The Channel Debate is Over

Industry
Media Buying
Campaign Period
Media Spend

We need to stop talking about “digital vs. physical” as if it’s a strategic choice. It isn’t. 

Consumers have already decided. They don’t see channels. They see one continuous experience. Fluid, immediate, and always on. And they expect brands to keep up. 

Nearly three-quarters of shoppers now move seamlessly between online and in-store, blending behaviors like browsing, comparing, picking up, and purchasing without friction. This is not a trend line. This is the baseline. 

Yet, much of our industry is still structured around a divide that no longer exists. That gap, between how consumers behave and how brands operate, is where growth is being lost. 

Here’s the reality. Omnichannel is not an enhancement. It is the cost of entry. 

Consumers are using stores to validate decisions and digital to optimize them. They showroom, they compare in-aisle, they buy later, or immediately. The path is not linear, and it’s not predictable. But it is connected. 

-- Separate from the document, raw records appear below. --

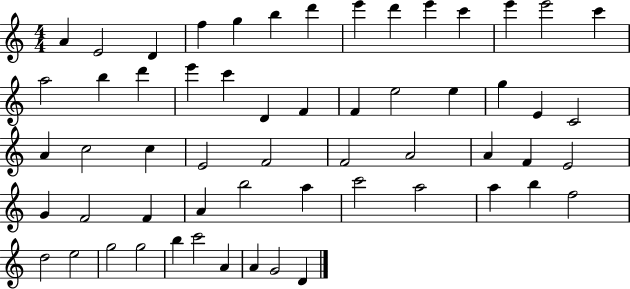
{
  \clef treble
  \numericTimeSignature
  \time 4/4
  \key c \major
  a'4 e'2 d'4 | f''4 g''4 b''4 d'''4 | e'''4 d'''4 e'''4 c'''4 | e'''4 e'''2 c'''4 | \break a''2 b''4 d'''4 | e'''4 c'''4 d'4 f'4 | f'4 e''2 e''4 | g''4 e'4 c'2 | \break a'4 c''2 c''4 | e'2 f'2 | f'2 a'2 | a'4 f'4 e'2 | \break g'4 f'2 f'4 | a'4 b''2 a''4 | c'''2 a''2 | a''4 b''4 f''2 | \break d''2 e''2 | g''2 g''2 | b''4 c'''2 a'4 | a'4 g'2 d'4 | \break \bar "|."
}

The brands that are winning right now are not the ones with the most channels. They are the ones removing friction between them. 

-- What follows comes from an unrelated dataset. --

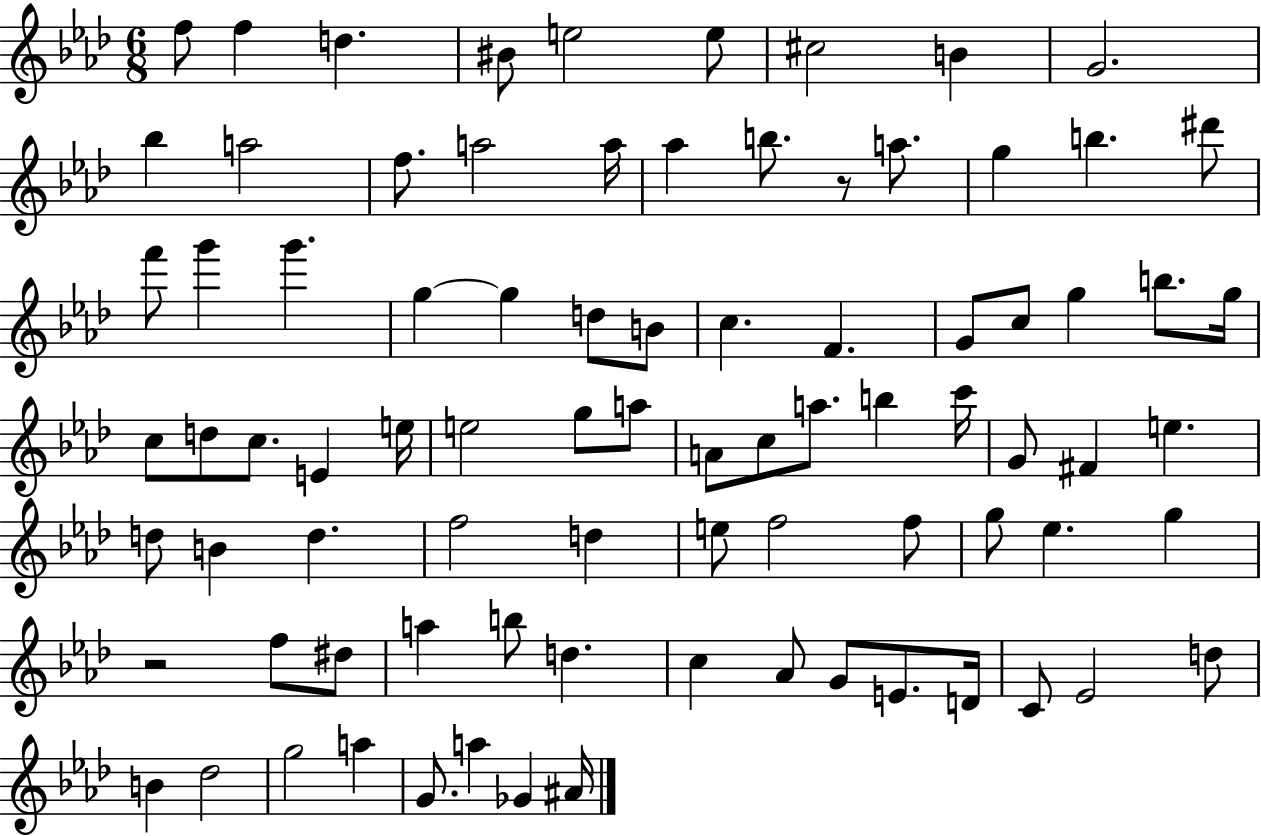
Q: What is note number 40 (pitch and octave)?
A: E5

Buy-online-pickup-in-store is a perfect example. It’s not just convenience, it drives incremental spend. Customers who engage this way consistently spend more because the experience invites it. The same is true of in-store digital. Screens, kiosks, mobile integrations, they don’t just capture attention. They change behavior. They increase satisfaction. They lift basket-size. 

The generational shift makes this even more urgent. 

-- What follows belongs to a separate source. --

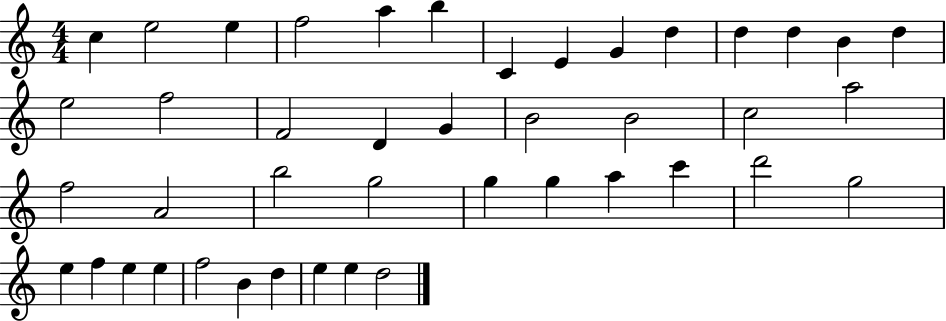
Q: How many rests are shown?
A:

Younger consumers don’t distinguish between physical and digital. To them, it’s one environment. One journey. One expectation of immediacy. Older consumers still compartmentalize, but even they are adopting hybrid behaviors at scale. 

This is not a future state. It is already happening. 

What Brands Should Do 

We cannot plan media, creative, or measurement in silos and expect performance to hold. “Channel strategy” is the wrong conversation. Here’s the conversations you should be having: 

Build for behavior, not channels. 

Consumers are already omnichannel. Your infrastructure needs to match it. That means seamless transitions between online and in-store, especially investing in high-impact utilities like BOPIS that drive both convenience and incremental spend. 

Design for two mindsets at once. 

Younger consumers expect a fully integrated experience. Older consumers still assign roles to each channel. Winning brands don’t choose, they deliver both: inspiration and ease digitally, validation and confidence in-store. 

Turn stores into connected experiences. 

Physical retail is no longer just transactional. Integrate digital touchpoints—AR, mobile, dynamic displays—to remove friction, guide decisions, and increase basket size in real time. 

Reimagine the store footprint. 

The rise of “guideshops” signals a shift from inventory-heavy stores to experience-led environments. Smaller, smarter, and digitally connected spaces can drive higher efficiency and stronger conversion. 

Stop optimizing channels. Start eliminating friction. 

Growth will not come from doing more in each channel,. It will come from how seamlessly they work together.